De esta manera, el examen de las recurrencias del término va mostrando, poco a poco, que la fe es un complejo de sentimientos reverenciales de temor, respeto, asombro, confianza, obediencia, etc., que el pueblo creyente experimenta frente a los signos de salvación que percibe, como en Ex 14,31; 19,9; y otros.

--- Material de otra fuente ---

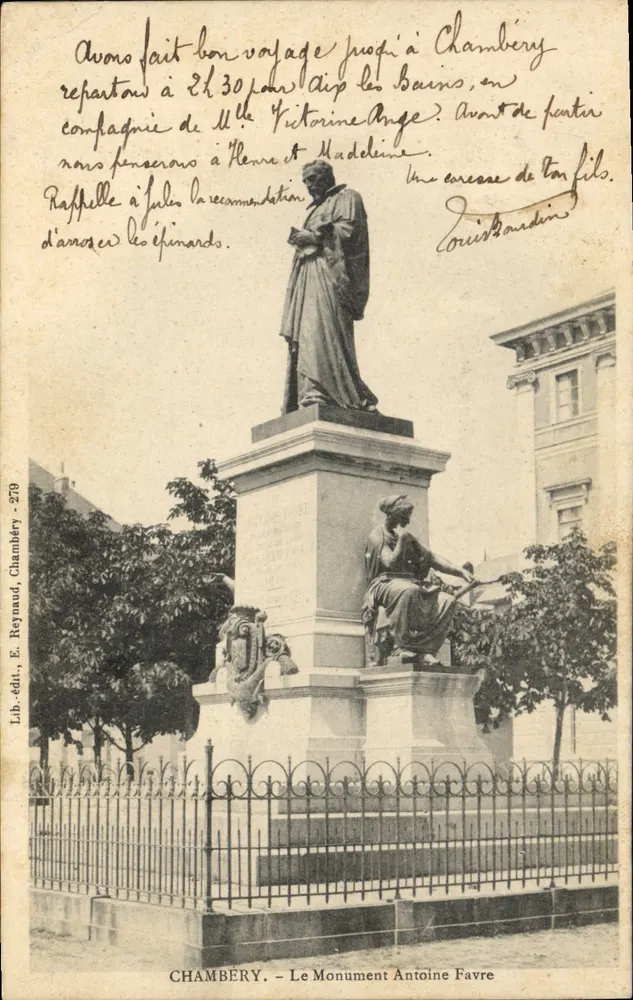 Chambéry — Der Antoine-Favre-Monument — Lib. édit. E. Reynaud, Chambéry - 279 - Vorderseite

En los profetas la fe consiste también en la renuncia a los apoyos humanos en tiempo de conflicto o de dificultad, como en Is 7,9 (“si no creéis, no permaneceréis”); o en 8,13 (al Señor es al único a quien hay que temer); o como cuando ante las amenazas de los pueblos vecinos que se alían en su contra, el profeta predica: “vuestra salvación está en confiar y en tener calma” mucho más que en ceder a la tentación de establecer alianzas militares con otros pueblos poderosos (Is 30,5). Ellos son hombres de Dios y saben que Dios es el Señor de la historia, que Dios merece más amor del que la humanidad habitualmente le ofrece y que la fe consiste en una relación personal con el Dios de la alianza que tiene en su mano el cumplimiento de todas las promesas hechas a los padres. La fe es reconocer a Dios como el único salvador y convertirse en testigo de esa realidad, como lo indica Is 43,10. Y es aceptar que también el sufrimiento y la muerte producen justificación y vida como lo recuerdan Is 53,1-12 (el siervo doliente) o Gn 3,15 (protoevangelio). Es saber que esta fe es necesaria para pasar incólumes a través de las grandes pruebas como el desierto o el destierro, en las cuales sólo queda conciencia de que Dios es bueno e infinitamente más poderoso que la situación que se presenta, y que responderá, como siempre responde, a quien ha puesto su confianza en Él. Esa fue la predicación de los profetas que anunciaron el retorno del exilio.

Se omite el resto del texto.